Occlusal analysis was done by evaluating interincisal relationship, incisor proclination, overjet, and overbite and by checking the harmony of the dental arches to identify that anterior and posterior segments are on the same plane and have no major discrepancies. Cases with positive measurements of overjet and/or overbite that were associated with proclined incisors, Class II occlusion, and incompetent lips (that were not SUL) were diagnosed as protrusion. Only those seeking treatment were referred to do lateral cephalometric radiographs to confirm [13, 41, 42, 43, 44, 45]. In cases where occlusal harmony was found paired with a positive measurement of the lower third of the face, the case was diagnosed as VME [13, 44]. (Figures 1 and 2).
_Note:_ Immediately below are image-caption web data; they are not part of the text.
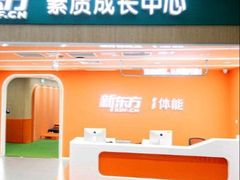 -新东方素质成长中心(金源校区)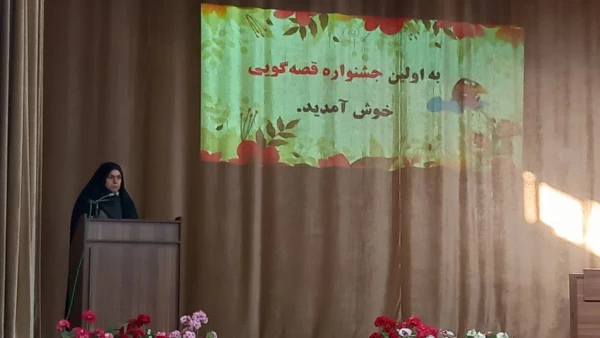 برگزاری باشکوه اولین جشنواره قصه گویی 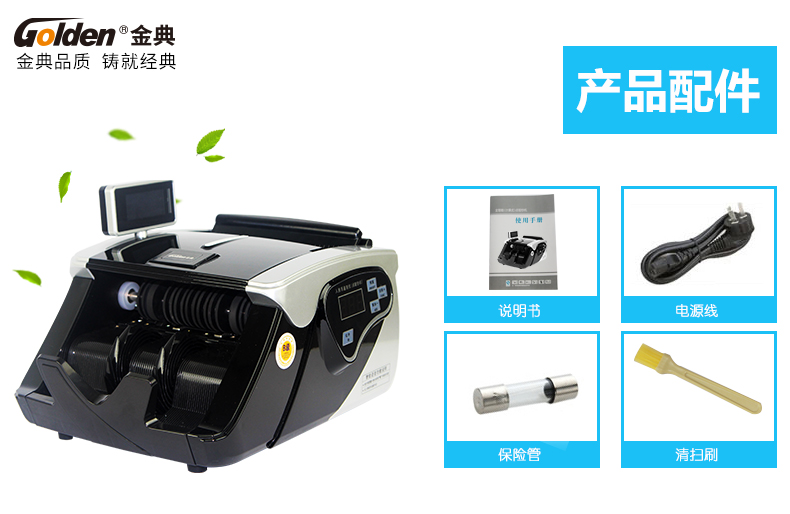 金典JBYD-GD803點(diǎn)鈔/驗鈔機(jī)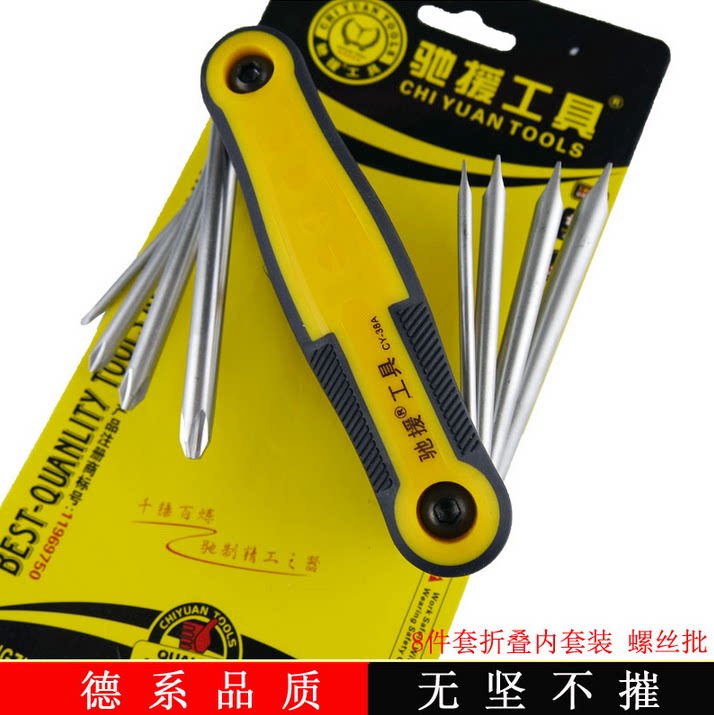 Clé pour réparation vélo - Ref 2302632 Image 12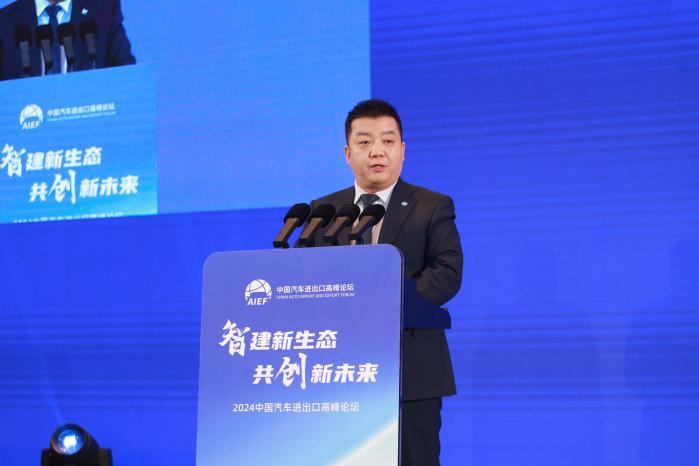 智建中国汽车出口新生态 2024中国汽车进出口高峰论坛正式开幕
Clinical crown length (CL) and crown width (CW) of the upper maxillary anteriors were measured and a tooth with CW:CL ratio less than 80% was considered a short tooth [46, 47]. Short teeth with clinically visible incisal attrition with or without deep bite, and CEJ detected in proximity with gingival margin upon probing were diagnosed as incisor overeruption. In addition, anterior occlusal plane at a different level than the posterior occlusal plane, the most probable diagnosis was incisor overeruption [11, 13, 48, 49, 50]. Short teeth with no incisal attrition, probing depth more than 3 mm without signs of inflammation, CEJ away from the gingival margin with clinically detectable part of anatomical crown enamel covered by gingiva was diagnosed APE. Keratinized attached gingiva was measured for all patients and it is of particular relevance when diagnosing the type of APE. Further investigations were done for only patients seeking treatment including transgingival probing, radiographs, and CBCT to confirm the diagnosis and classify the case [4, 16, 17, 18, 44]. Short teeth with probing depth more than 3 mm with bleeding on probing and signs of inflammation were considered of GE [5] (Figures 1 and 2).
1.3. Statistical Analysis
The mean and standard deviation values were calculated for quantitative data, whereas the frequencies were calculated for qualitative data. Fisher′s exact and chi‐square tests were used to determine the relationship between frequencies. The significance level was set at p ≤ 0.05. Statistical analysis was performed with IBM SPSS Statistics Version 20 for Windows.
2. Results
A total of 1455 adult female subjects attending the outpatient clinic were interviewed and screened by measuring the gingival display upon maximum smile; 194 subjects showed EGD > 2 mm and fit the other selection criteria, of whom 160 patients gave consent and agreed to undergo oral comprehensive diagnosis, clinical photos, and videos, hence were recruited. The study contained no illiterate patients; 80 patients were unemployed housewives or did not receive full education and 80 patients were employed or university students. The population consisted of residents from six governates: Cairo, Giza, Faiyum, Gharbia, Menofia, and Alexandria. The authors aimed to target different education levels and socioeconomic levels to avoid any potential bias. All charts were completed with full patient demographic data, measurements, and clinical photos/videos by a calibrated periodontist. Afterwards, charts were revised by a blinded calibrated periodontist. Patient contacts were taken, and if any missing or vague data were found, the patient was recalled. The prevalence of EGD was 13.3%. The mean age of the study population was 27.62 ± 6.21 years, with the youngest patient being 18 years old and the oldest patient being 40 years old. EGD was caused by single etiology in 89 patients (55.8%) and by combined etiologies in 71 patients (44.3%) with insignificant difference (p = 0.155) (Supporting Information 1–3).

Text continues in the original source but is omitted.